The US Department of Energy’s National Nuclear Security Administration (NNSA) has selected UNM CARC, UTC SimCenter, and UAB CCL to receive a $4 million Predictive Science Academic Alliance Program (PSAAP) award to improve the speed and functionality of next-generation supercomputers. The award will allow for the creation of the Center for Understandable, Performant Exascale Communication Systems (CUP-ECS), which will research more efficient mechanisms for high-speed computer-to-computer communication. The center has a primary focus of improving the simulation capabilities of DOE applications, but the technological advances yielded by the project will also impact the performance of supercomputers around the globe and supercomputing applications in a wide range of disciplines.
UNM professor of Computer Science and CARC director Patrick Bridges will direct research at CUP-ECS in collaboration with associate center directors professor Anthony Skjellum at the UTC SimCenter and professor Purushotham Bangalore at UAB. According to Bridges, the method of communication currently used by supercomputing systems has fundamental limitations. These limitations reduce system performance and force application designers to take a trial-and-error approach to optimizing communication patterns.

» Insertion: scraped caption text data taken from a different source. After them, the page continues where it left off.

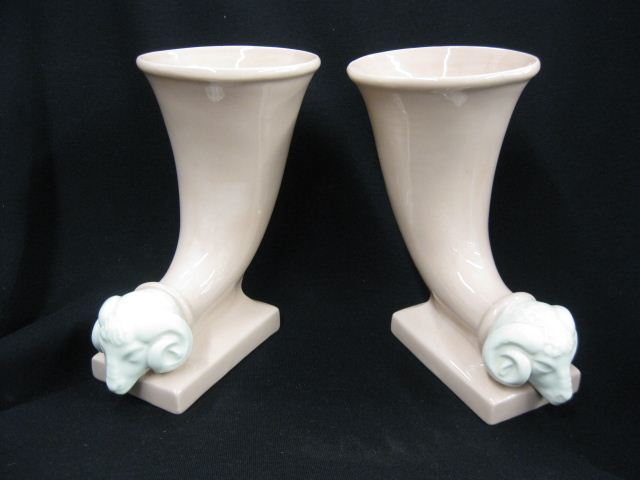 Pair of Art Pottery Cornucopia Vases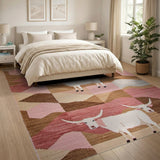 Pink Longhorn Cow Southwestern Geometric Rug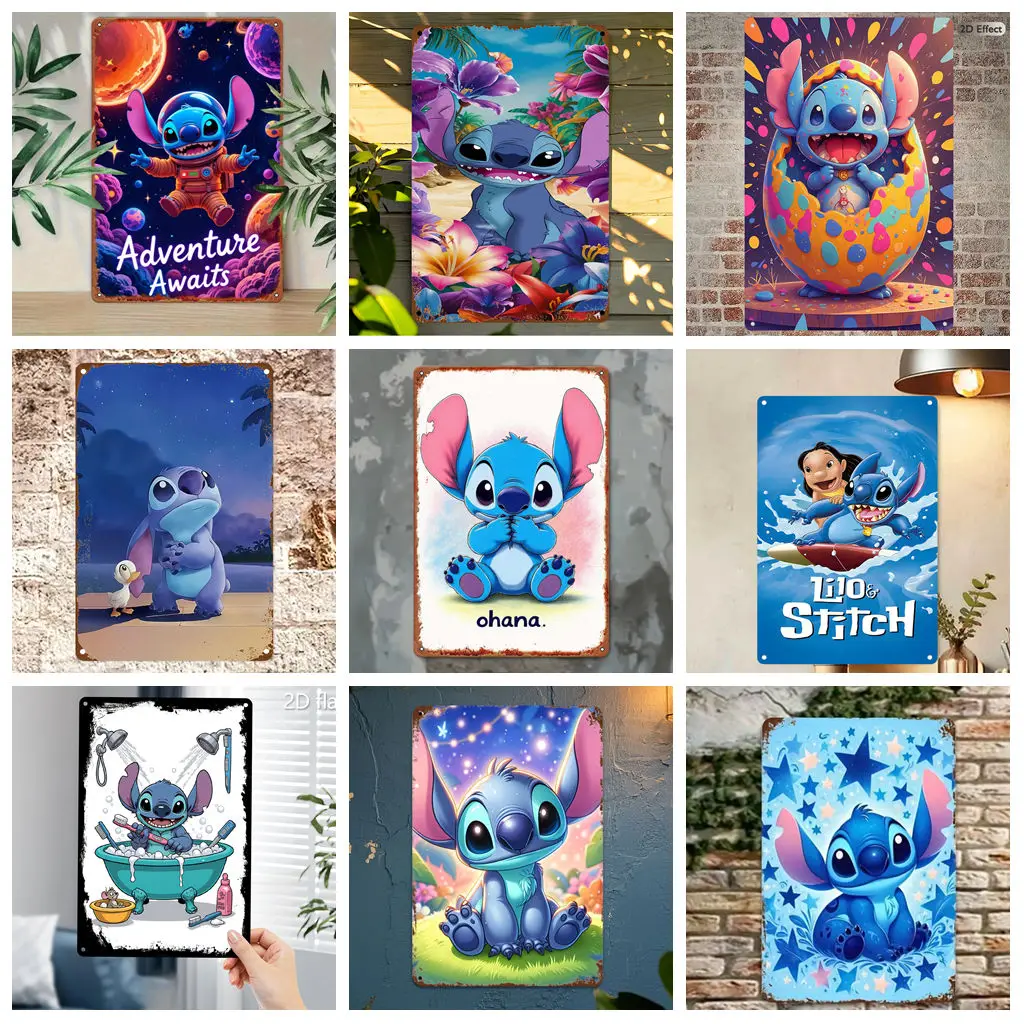 

Miniso Stitch Cute Scene Tin Sign Home Decor Wall Decor Art Wall Mural Room Decoration Decor Retro Metal Sign Plate Bar Posters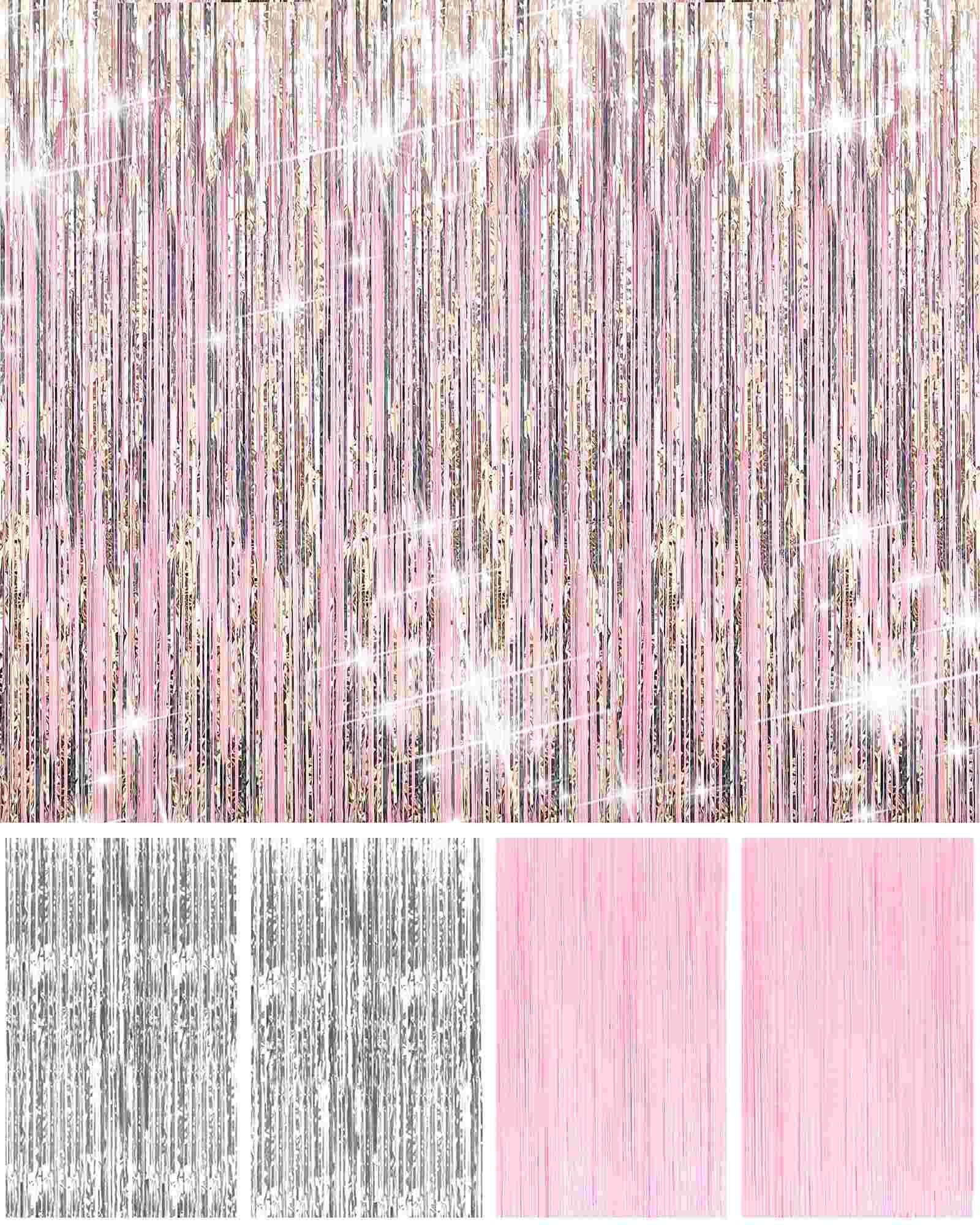 EUFARS Pink Party Backdrop Decorations - 4 Pack Pastel Pink and Silver Foil Fringe Curtains for Birthday Bachelorette Graduation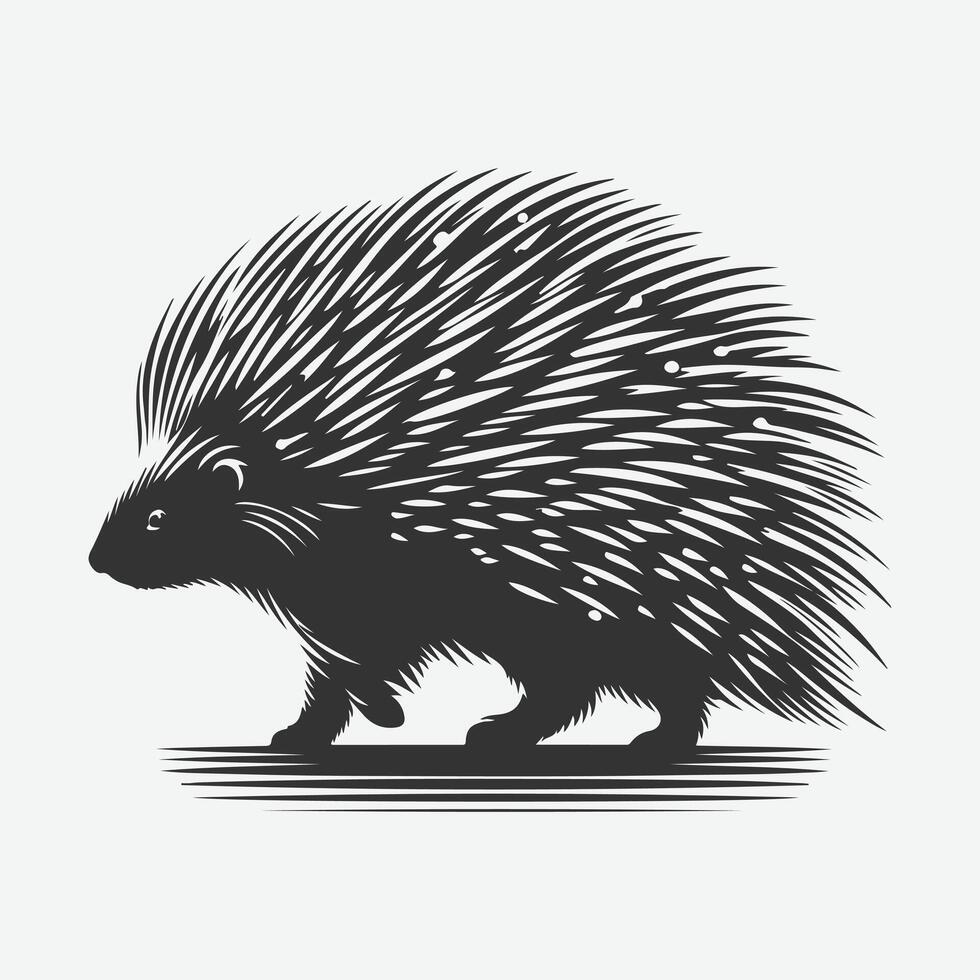 Stunning Porcupine Silhouette, Ideal for Art, Crafts, and Design Projects vector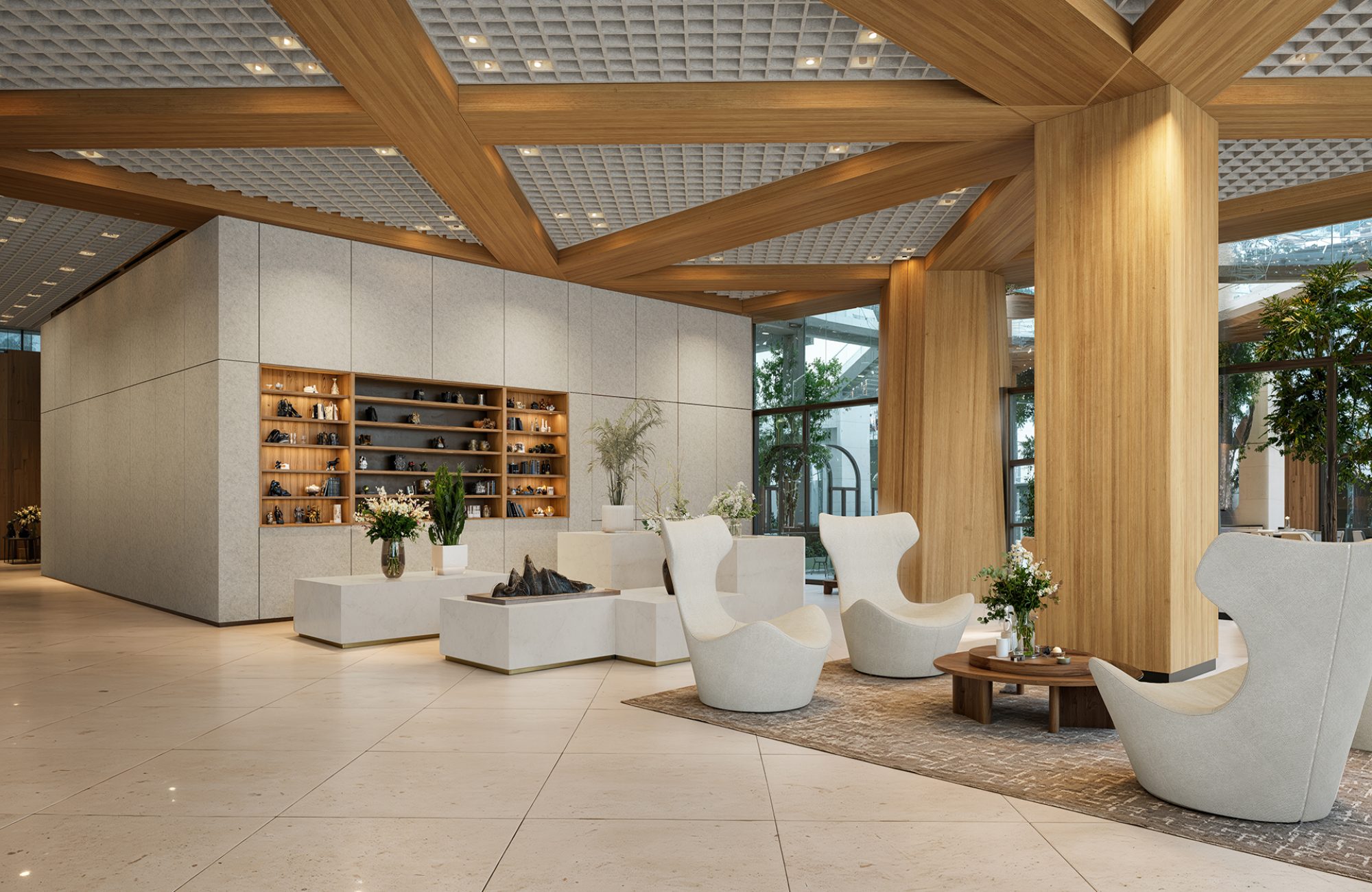 Woven, Pincheck Ceiling Frames; Solid Wall Panels | Milkyway | Premier Collection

“Current communication systems are built on assumptions from the computer architectures of 30 years ago that are no longer true today,” Bridges said.
The new DOE-funded center will research and refine more efficient methods for communication in supercomputers and supercomputing applications. This will significantly increase the performance of cutting-edge scientific applications and the scale of problems that scientists can research.
“Basically, every modern supercomputer is based on high-performance communication. We can build faster individual computers but the fabric that makes it all work is the communication system,” Bridges explained.
One of the most important aspects of the project is the development of a communication system that provides programmers with system performance feedback that is “both meaningful and useful” so that they can optimize application efficiency.
Bridges commented, “There’s a lot we can do... to make the communication system perform better. Designers make a lot of choices and they need to be well-informed. Current communication systems don’t provide application designers the information they need.”
Skjellum, director of UTC’s SimCenter, added, “Research at UNM, UTC, and UAB in high performance computing will enhance the NNSA exascale mission while educating and advancing computer science concepts at the NNSA labs and at our three institutions.”
Bangalore, Director of CCL at UAB, opined, “Working on realistic applications and revealing ways to improve performance at exascale is an outstanding problem area for our center to help solve over the next five years.”
CARC business manager Tracy Wenzl, who will manage the hiring and provide budgetary oversight for the project, writes “This project is part of CARC’s mission to lead research and development on next-generation research computing systems. The insights we gain from the project will also help provide better computational facilities to the wide range of researchers that CARC serves.”
The project is expected to last for five years and will be conducted using UNM, UTC, and UAB’s high-performance computing resources. The funding CARC receives from the DOE NNSA will go primarily toward paying students and postdoctoral fellows to perform research under the guidance of Bridges, Skjellum, and Bangalore, and to collaborate with researchers at Sandia, Los Alamos, and Lawrence Livermore National Labs.